İlk küsüş, ilk kalp kırıklığı...
Bence her güzel anlarımız gibi üzüldüğümüz anların da yıl dönümlerini kutlamalıyız.
Her yıl bir önceki yılda kalan kırgınlıklarımıza bakıp önümüzü görmeliyiz. Geçen yıl neye kırılmıştın mesela? Onun duygularını hisset, seni kıracak kadar değeri var mıydı gerçekten? Ya da gerçekten kırmak ister miydi? Kendini hatırla mesela. En çok neye ah ettin de hakkı gökyüzüne kaldı? Neden affetmedin, affedemedin?

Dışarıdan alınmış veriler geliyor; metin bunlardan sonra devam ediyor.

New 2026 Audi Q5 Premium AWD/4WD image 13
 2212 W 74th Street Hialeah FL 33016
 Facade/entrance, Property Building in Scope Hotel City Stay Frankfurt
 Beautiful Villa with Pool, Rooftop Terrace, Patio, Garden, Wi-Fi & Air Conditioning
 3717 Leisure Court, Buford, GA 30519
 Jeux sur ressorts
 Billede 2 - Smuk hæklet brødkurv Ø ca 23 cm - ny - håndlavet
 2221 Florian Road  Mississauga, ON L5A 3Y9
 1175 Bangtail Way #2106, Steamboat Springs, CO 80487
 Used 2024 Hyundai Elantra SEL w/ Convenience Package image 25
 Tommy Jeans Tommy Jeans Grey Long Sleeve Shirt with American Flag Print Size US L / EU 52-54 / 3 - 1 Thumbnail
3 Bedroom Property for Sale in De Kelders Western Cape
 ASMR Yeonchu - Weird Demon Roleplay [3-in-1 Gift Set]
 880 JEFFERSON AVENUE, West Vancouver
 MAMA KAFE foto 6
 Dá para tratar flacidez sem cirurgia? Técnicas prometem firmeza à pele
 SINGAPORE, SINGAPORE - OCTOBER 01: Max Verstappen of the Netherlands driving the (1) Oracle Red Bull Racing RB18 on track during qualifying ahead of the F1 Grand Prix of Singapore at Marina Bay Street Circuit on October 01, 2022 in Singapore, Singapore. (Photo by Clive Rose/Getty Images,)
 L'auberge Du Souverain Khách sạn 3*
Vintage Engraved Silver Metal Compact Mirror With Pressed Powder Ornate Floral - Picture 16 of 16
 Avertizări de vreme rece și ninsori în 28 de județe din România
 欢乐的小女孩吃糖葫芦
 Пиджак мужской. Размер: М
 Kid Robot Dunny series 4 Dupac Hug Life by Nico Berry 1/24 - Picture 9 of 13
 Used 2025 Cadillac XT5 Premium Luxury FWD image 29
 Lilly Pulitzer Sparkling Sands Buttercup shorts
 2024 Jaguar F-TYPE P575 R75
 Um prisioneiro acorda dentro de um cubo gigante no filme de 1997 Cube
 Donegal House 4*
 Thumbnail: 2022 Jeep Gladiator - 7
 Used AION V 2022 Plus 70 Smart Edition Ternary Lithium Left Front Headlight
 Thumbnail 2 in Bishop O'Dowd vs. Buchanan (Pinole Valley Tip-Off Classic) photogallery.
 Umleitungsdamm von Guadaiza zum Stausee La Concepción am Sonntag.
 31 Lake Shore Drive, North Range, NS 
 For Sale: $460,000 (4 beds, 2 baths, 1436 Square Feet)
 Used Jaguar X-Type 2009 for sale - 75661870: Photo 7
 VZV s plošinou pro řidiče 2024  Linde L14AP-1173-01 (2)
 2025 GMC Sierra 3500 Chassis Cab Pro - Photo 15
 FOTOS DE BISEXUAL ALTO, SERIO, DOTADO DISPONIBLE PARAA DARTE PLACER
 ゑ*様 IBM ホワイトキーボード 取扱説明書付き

Hani hep deriz ya her şeyimsin diye, gerçekten her şeyimiz miydi? Üzüldüğümüz anlara kahraman yapıyor muyuz? Kırıldığımız anlara şahit tutabiliyor muyuz? Yalan söylüyoruz, en çok da kendimize! Nefes alıp vermen yaşam belirtin ise o kırıldığımız anlar da sevginin belirtisi. Sevmediğin bir insana kırılamazsın, onun söylediklerinin sende bir hükmü yoktur. Tıpkı nefes alıp vermenin yaşamaya yetmediği gibi.